I'm still a bit new to Aristotle, so this question may be imperfect:
In Meteorology, Aristotle uses friction to explain how the sun generates heat. Although it's composed of aether, and not fire, the sun moves rapidly around a sphere of fire and/or exhalation, creating friction and thereby heating the sublunary world.
However, because Aristotle believes heat is in some sense a "thing" (as one of the two contraries that makes up fire and air respectively) rather than an event (as in our modern view that heat is the vibration of particles) it seems to me that he needs an explanation for why friction, of the sun, sticks, flint, etc. generate that thing out of the fire or exhalation. Unfortunately, I've yet to come across one. My reading is still incomplete and scattered however, and neither can I claim to have understood all that I've read!
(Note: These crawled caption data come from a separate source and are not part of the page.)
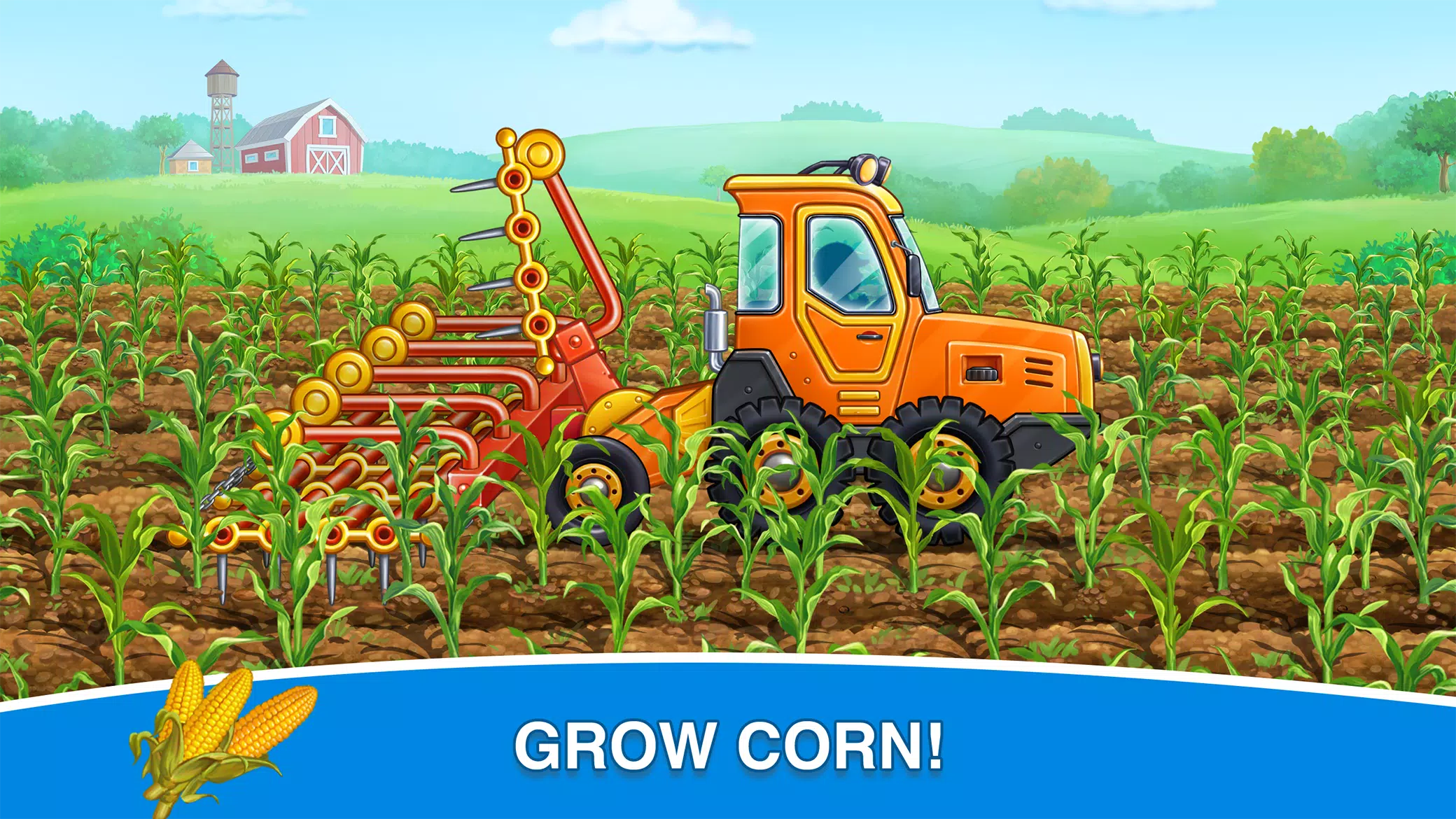 Schermata Corn Harvest Baby Farming Game 3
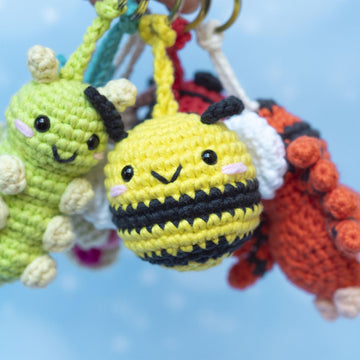 Bug Keychains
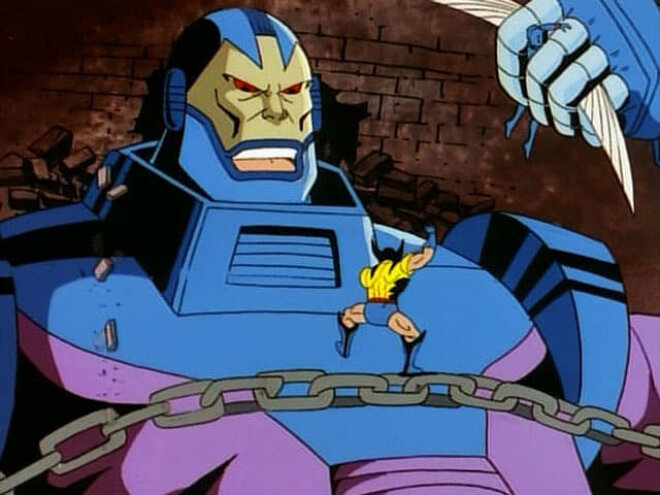 X-Men - The Animated Series 03x10 - Longshot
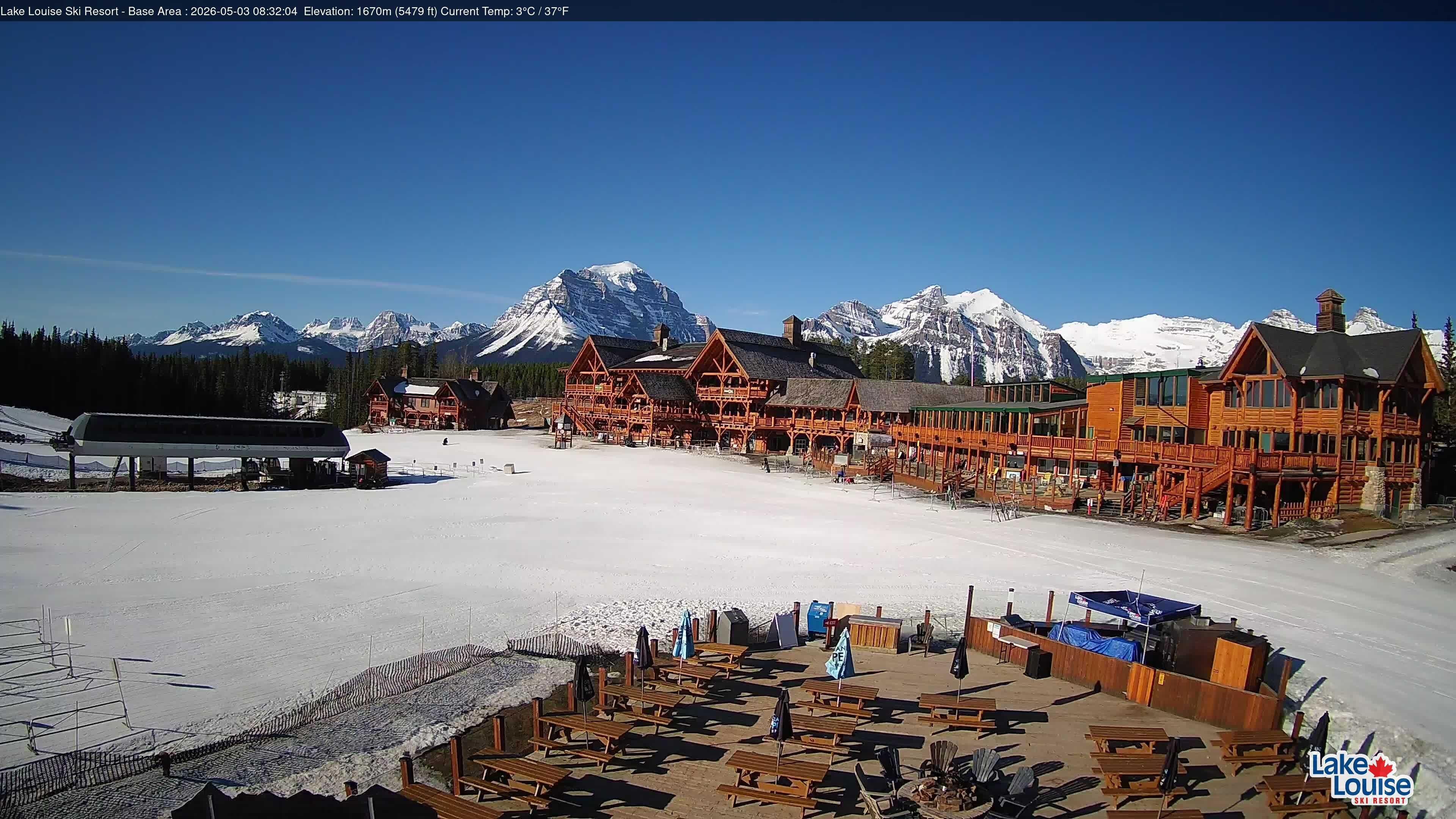 Archived image Webcam Outlook Kokanee Kabin
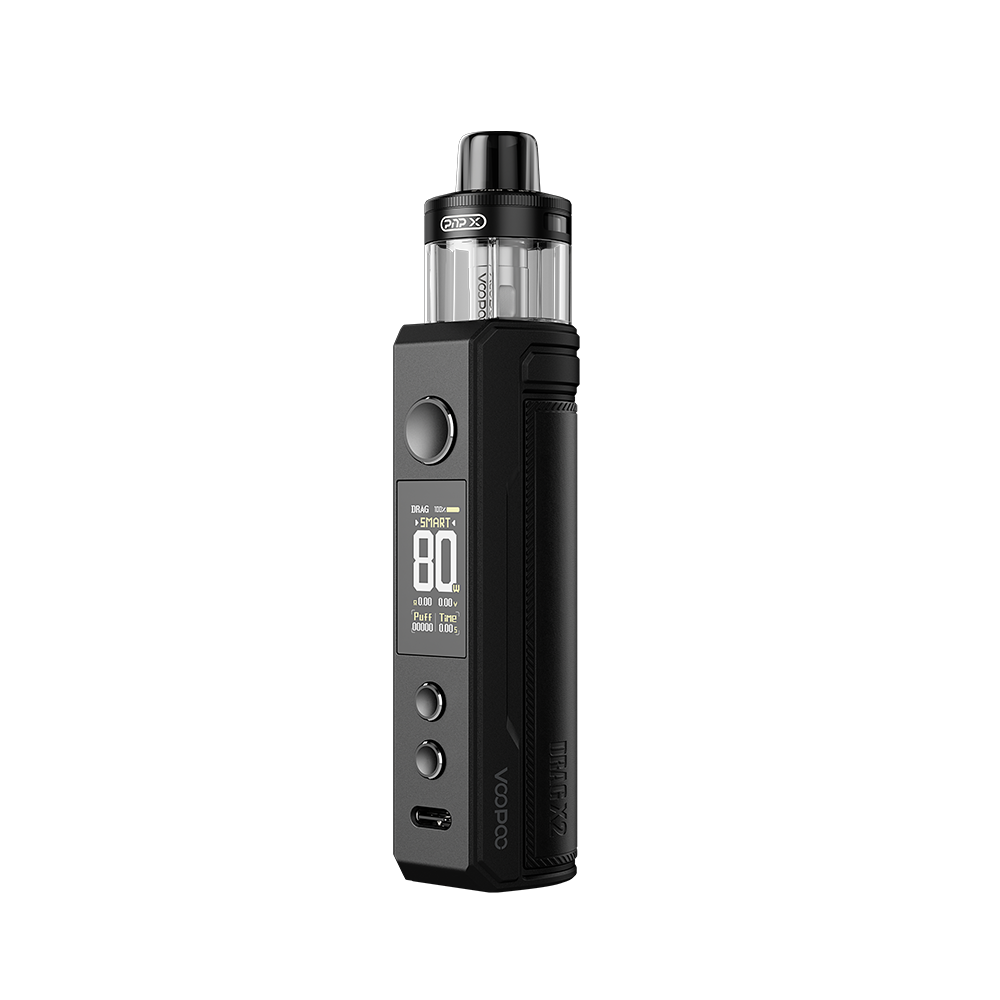 VooPoo Drag X2 Pod System Spray Black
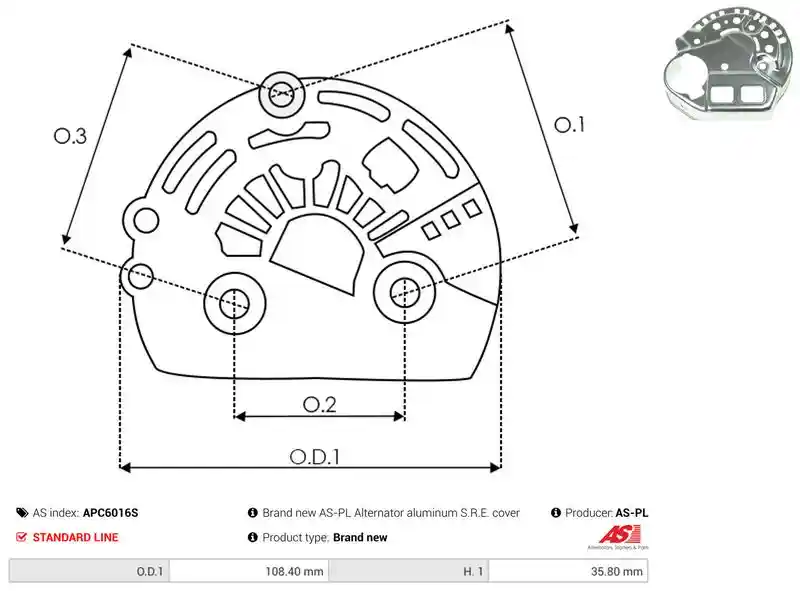 AS-PL APC6016S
Is such an explanation anywhere, even just implicitly, in his corpus? Or alternatively (and this being Aristotle), is there a subtler reason why this question might be misconstruing him or miss the point?
EDIT: So it seems like I don't yet have a handle on the Aristotelian view of heat (see comments). I'm leaving this question open while I do more reading in case someone wants to come along and provide some much-needed clarity, but please consider it tweaked to: Does Aristotle's concept of heat differ from ours, and if so how does he relate that concept to friction?